Liputan6.com, Tel Aviv - Ahed Tamimi akhirnya bisa menghirup udara kebebasan setelah menjalani hukuman delapan bulan penjara. Gadis 17 tahun asal Palestina ini dijebloskan ke dalam bui oleh tentara Israel karena menampar dan memukul personel mereka pada 15 Desember 2017.
Ketika dibebaskan, sanak saudara telah menantinya. Tamimi tak kuasa menahan air mata ketika mereka menyambutnya di Desa Nabi Saleh pada Minggu, 29 Juli 2018 waktu setempat.
Baca Juga
Nabi Saleh adalah sebuah desa kecil yang berada 20 kilometer barat laut Ramallah, Tepi Barat, Palestina.
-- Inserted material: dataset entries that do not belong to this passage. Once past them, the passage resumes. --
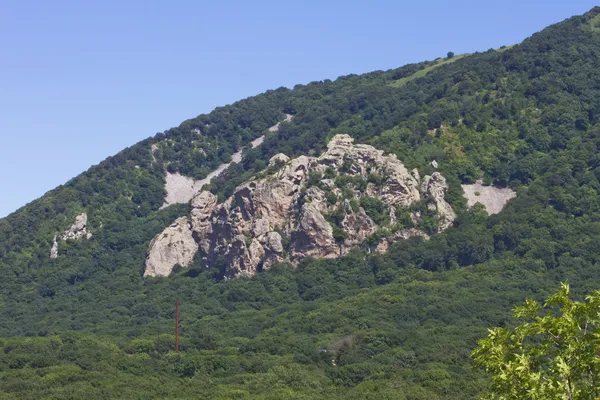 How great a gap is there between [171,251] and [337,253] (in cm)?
2941

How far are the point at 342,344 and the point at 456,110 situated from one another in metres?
66.1

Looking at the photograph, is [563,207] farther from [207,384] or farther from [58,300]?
[58,300]

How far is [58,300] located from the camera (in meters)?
152

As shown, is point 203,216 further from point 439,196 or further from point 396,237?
point 439,196

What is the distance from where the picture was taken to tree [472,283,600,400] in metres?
28.9

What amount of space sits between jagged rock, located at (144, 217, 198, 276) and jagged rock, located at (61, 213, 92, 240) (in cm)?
2040

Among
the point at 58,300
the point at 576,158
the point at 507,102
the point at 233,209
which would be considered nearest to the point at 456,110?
the point at 507,102

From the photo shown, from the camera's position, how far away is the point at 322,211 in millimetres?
138000

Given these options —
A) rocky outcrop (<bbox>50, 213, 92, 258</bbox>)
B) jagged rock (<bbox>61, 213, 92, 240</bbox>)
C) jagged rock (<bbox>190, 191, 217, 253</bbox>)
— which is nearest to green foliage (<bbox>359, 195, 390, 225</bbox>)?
jagged rock (<bbox>190, 191, 217, 253</bbox>)

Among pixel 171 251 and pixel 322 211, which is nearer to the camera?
pixel 322 211

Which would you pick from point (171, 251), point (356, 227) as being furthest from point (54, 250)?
point (356, 227)

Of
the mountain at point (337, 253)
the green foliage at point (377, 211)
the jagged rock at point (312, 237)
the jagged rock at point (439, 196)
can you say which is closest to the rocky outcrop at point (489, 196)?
Answer: the mountain at point (337, 253)

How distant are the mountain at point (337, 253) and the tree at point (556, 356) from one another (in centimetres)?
5297

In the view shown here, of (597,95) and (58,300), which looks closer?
(58,300) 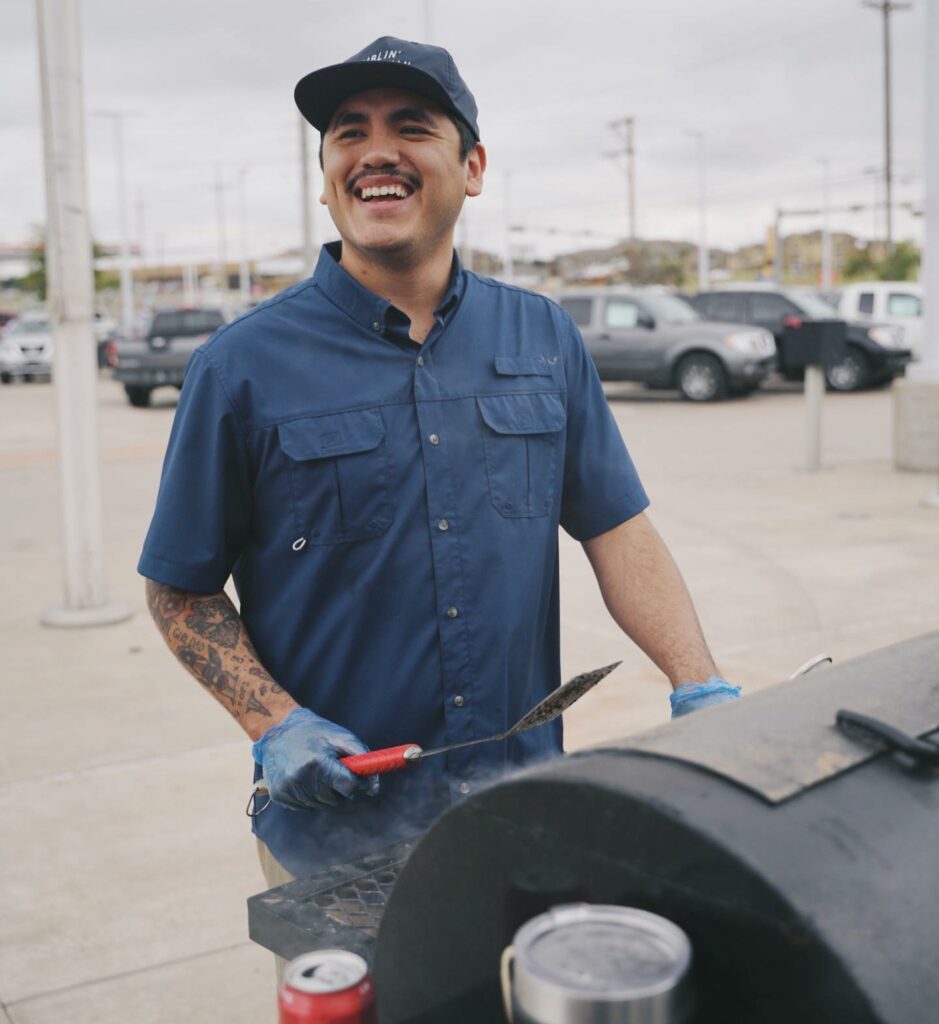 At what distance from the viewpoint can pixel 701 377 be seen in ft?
66.9

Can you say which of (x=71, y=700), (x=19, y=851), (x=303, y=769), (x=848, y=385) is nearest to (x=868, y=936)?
(x=303, y=769)

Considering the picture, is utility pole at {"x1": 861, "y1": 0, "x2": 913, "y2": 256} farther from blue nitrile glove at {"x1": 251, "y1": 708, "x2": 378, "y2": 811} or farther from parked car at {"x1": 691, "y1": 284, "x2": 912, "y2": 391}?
blue nitrile glove at {"x1": 251, "y1": 708, "x2": 378, "y2": 811}

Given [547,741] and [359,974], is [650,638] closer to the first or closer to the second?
[547,741]

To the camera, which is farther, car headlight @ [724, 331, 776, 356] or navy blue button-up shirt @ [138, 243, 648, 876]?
car headlight @ [724, 331, 776, 356]

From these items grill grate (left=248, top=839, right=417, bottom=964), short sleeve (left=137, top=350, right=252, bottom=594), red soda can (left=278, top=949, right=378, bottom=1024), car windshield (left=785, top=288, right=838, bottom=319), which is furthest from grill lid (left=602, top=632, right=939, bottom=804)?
car windshield (left=785, top=288, right=838, bottom=319)

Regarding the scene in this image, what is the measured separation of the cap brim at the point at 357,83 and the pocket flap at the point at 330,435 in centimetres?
50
Ini menjadi tempat tinggal Tamimi beserta keluarganya.
Advertisement
Senasib dengan Tamimi, ibu kandungnya pun menjalani masa tahanan serupa dan dinyatakan bebas di hari yang sama. Sang ibunda, Nariman al-Tamimi, dijatuhi hukuman delapan bulan penjara, tetapi mendapat remisi tiga minggu.
Saat ditemui para wartawan, Tamimi berterima kasih kepada para aktivis dan awak media atas dukungan mereka selama masa tahanannya. Dia mengungkapkan kebahagiaannya karena bisa memeluk anggota keluarga yang menantinya selama dia di penjara. Kendati demikian, perasaan bungah itu disebutnya masih "setengah hati" karena beberapa kawannya masih harus mendekam di balik jeruji Israel.
"Kebahagiaan saya tidak lengkap tanpa saudara-saudara saya (tahanan wanita Palestina), yang tidak bersama saya saat ini. Saya berharap mereka juga akan bebas," katanya, seperti dikutip dari Al Jazeera, Senin (30/7/2018).
Di sela-sela wawancara, Ahed Tamimi menyampaikan pesan dari tahanan politik wanita Palestina lainnya. Dia mengatakan, "Mereka menyerukan agar rakyat Palestina tetap kuat dan bersatu ketika melakukan perlawanan, dan agar semua orang mendukung hak-hak tahanan politik, serta mengupayakan pembebasan mereka."
Sementara itu, remaja kelahiran 31 Januari 2001 tersebut berencana untuk belajar studi di bidang hukum agar bisa membantu mereka yang membutuhkan.
"Pada akhirnya saya ingin mengatakan bahwa kebenaran bersama rakyat, dan orang-orang dapat memutuskan nasib dan masa depan mereka sendiri. Wanita merupakan bagian terpenting untuk kebebasan Palestina, dan peran mereka akan terus berkembang. Mereka akan menghasilkan generasi baru yang dapat melanjutkan perjuangan. Kami menyerukan: 'Singkirkan, singkirkan pedudukan!'"
Di satu sisi, Nariman menuturkan, "Sebagai orangtua, saya ingin mengatakan bahwa kita tidak perlu takut pada apa yang dilakukan oleh anak-anak kita dan kita harus mendukung mereka, apa pun yang mereka pilih. Mereka bisa saja terbunuh, entah di rumah atau di jalan-jalan, jadi dukung mereka dalam melakukan perlawanan."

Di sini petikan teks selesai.